What to work on. With the exception of the pictures, transcribe the entire listing exactly.
==== Information given
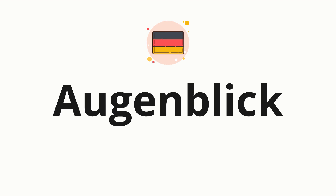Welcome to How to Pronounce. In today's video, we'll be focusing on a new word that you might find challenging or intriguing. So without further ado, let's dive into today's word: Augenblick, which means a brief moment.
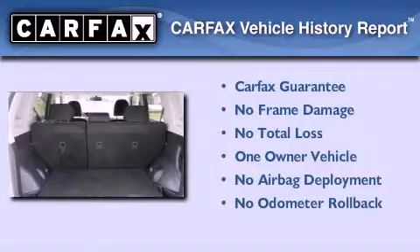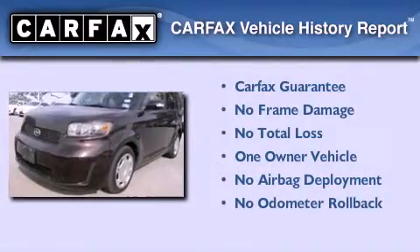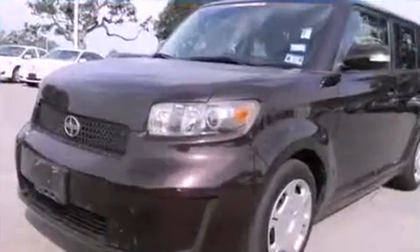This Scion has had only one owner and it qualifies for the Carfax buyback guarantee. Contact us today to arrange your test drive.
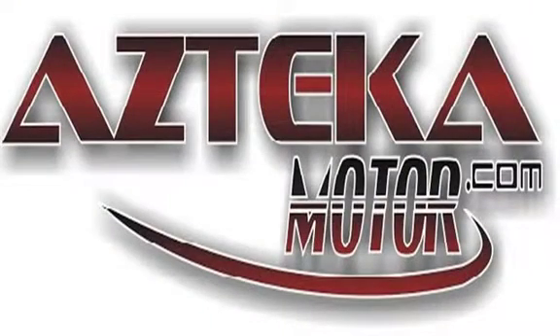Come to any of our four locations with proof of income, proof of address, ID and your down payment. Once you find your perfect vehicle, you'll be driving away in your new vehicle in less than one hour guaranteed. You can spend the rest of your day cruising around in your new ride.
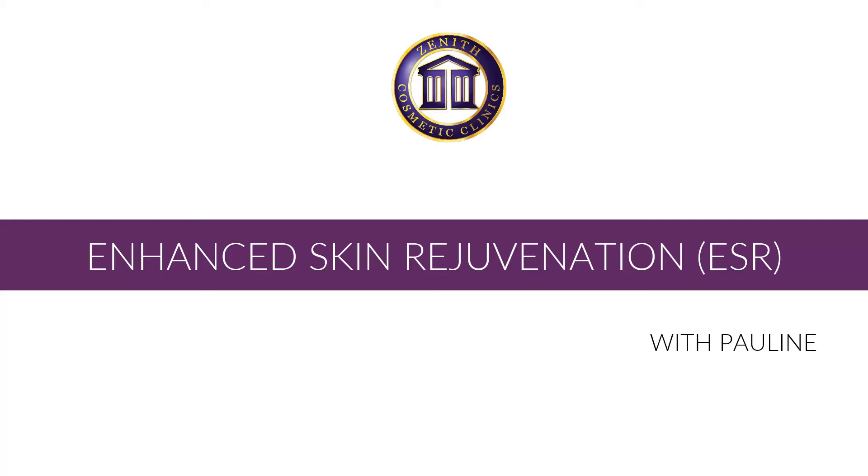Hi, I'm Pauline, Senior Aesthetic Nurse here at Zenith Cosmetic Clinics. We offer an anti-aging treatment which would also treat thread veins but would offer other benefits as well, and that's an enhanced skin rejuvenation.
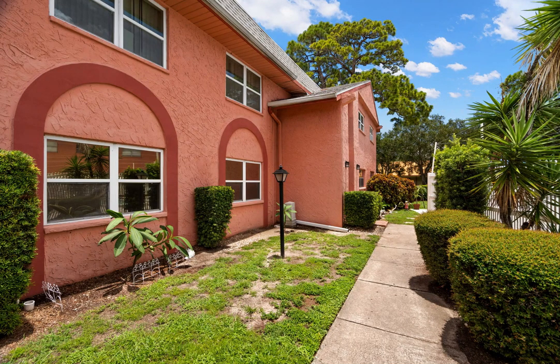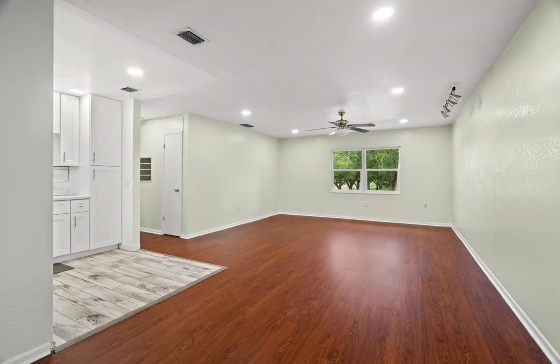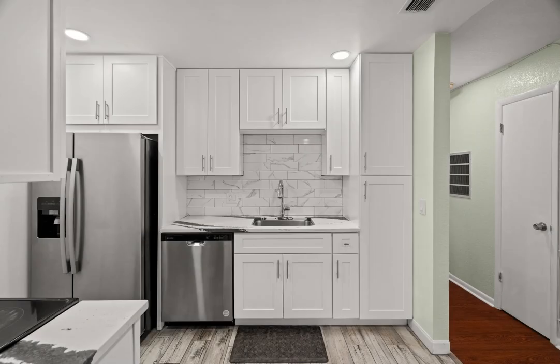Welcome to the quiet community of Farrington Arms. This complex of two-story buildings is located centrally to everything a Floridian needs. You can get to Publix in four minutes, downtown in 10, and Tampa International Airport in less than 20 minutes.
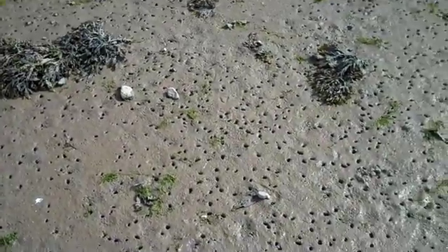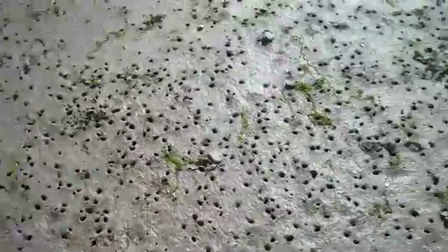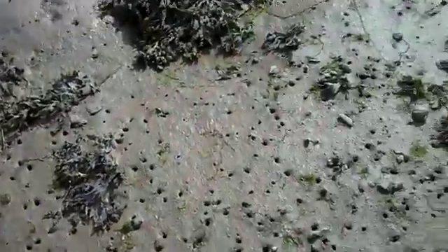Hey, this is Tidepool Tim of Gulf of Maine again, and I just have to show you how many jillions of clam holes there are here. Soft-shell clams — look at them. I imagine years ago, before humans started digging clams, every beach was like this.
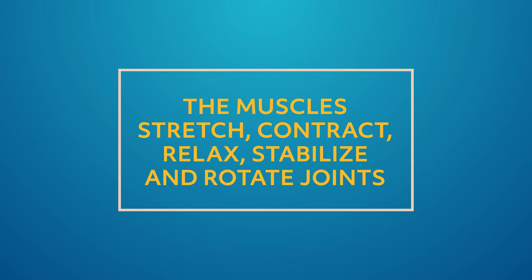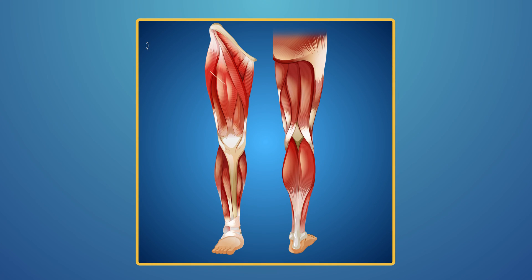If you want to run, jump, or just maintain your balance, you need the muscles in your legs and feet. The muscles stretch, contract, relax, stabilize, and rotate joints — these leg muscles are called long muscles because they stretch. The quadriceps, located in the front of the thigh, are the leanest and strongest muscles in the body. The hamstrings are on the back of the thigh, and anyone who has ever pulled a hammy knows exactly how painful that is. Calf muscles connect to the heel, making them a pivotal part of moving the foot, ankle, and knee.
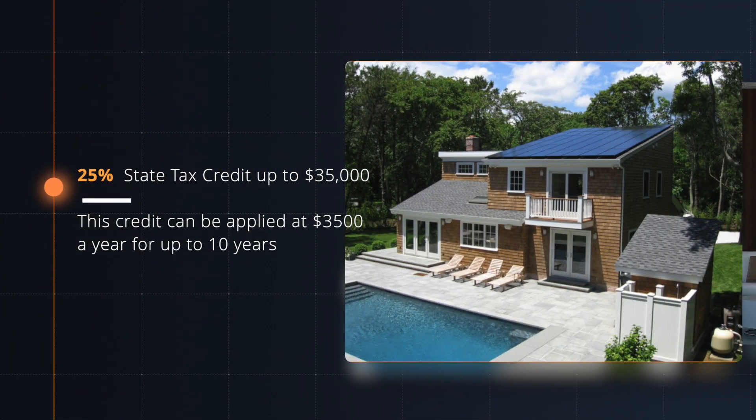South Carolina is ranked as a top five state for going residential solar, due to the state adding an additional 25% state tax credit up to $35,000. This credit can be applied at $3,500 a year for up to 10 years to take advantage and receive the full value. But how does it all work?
========
Task response.
Welcome to How to Pronounce. In today's video, we'll be focusing on a new word that you might find challenging or intriguing. So without further ado, let's dive into today's word: Augenblick, which means a brief moment.
This Scion has had only one owner and it qualifies for the Carfax buyback guarantee. Contact us today to arrange your test drive.
Come to any of our four locations with proof of income, proof of address, ID and your down payment. Once you find your perfect vehicle, you'll be driving away in your new vehicle in less than one hour guaranteed. You can spend the rest of your day cruising around in your new ride.
Hi, I'm Pauline, Senior Aesthetic Nurse here at Zenith Cosmetic Clinics. We offer an anti-aging treatment which would also treat thread veins but would offer other benefits as well, and that's an enhanced skin rejuvenation.
Welcome to the quiet community of Farrington Arms. This complex of two-story buildings is located centrally to everything a Floridian needs. You can get to Publix in four minutes, downtown in 10, and Tampa International Airport in less than 20 minutes.
Hey, this is Tidepool Tim of Gulf of Maine again, and I just have to show you how many jillions of clam holes there are here. Soft-shell clams — look at them. I imagine years ago, before humans started digging clams, every beach was like this.
If you want to run, jump, or just maintain your balance, you need the muscles in your legs and feet. The muscles stretch, contract, relax, stabilize, and rotate joints — these leg muscles are called long muscles because they stretch. The quadriceps, located in the front of the thigh, are the leanest and strongest muscles in the body. The hamstrings are on the back of the thigh, and anyone who has ever pulled a hammy knows exactly how painful that is. Calf muscles connect to the heel, making them a pivotal part of moving the foot, ankle, and knee.
South Carolina is ranked as a top five state for going residential solar, due to the state adding an additional 25% state tax credit up to $35,000. This credit can be applied at $3,500 a year for up to 10 years to take advantage and receive the full value. But how does it all work?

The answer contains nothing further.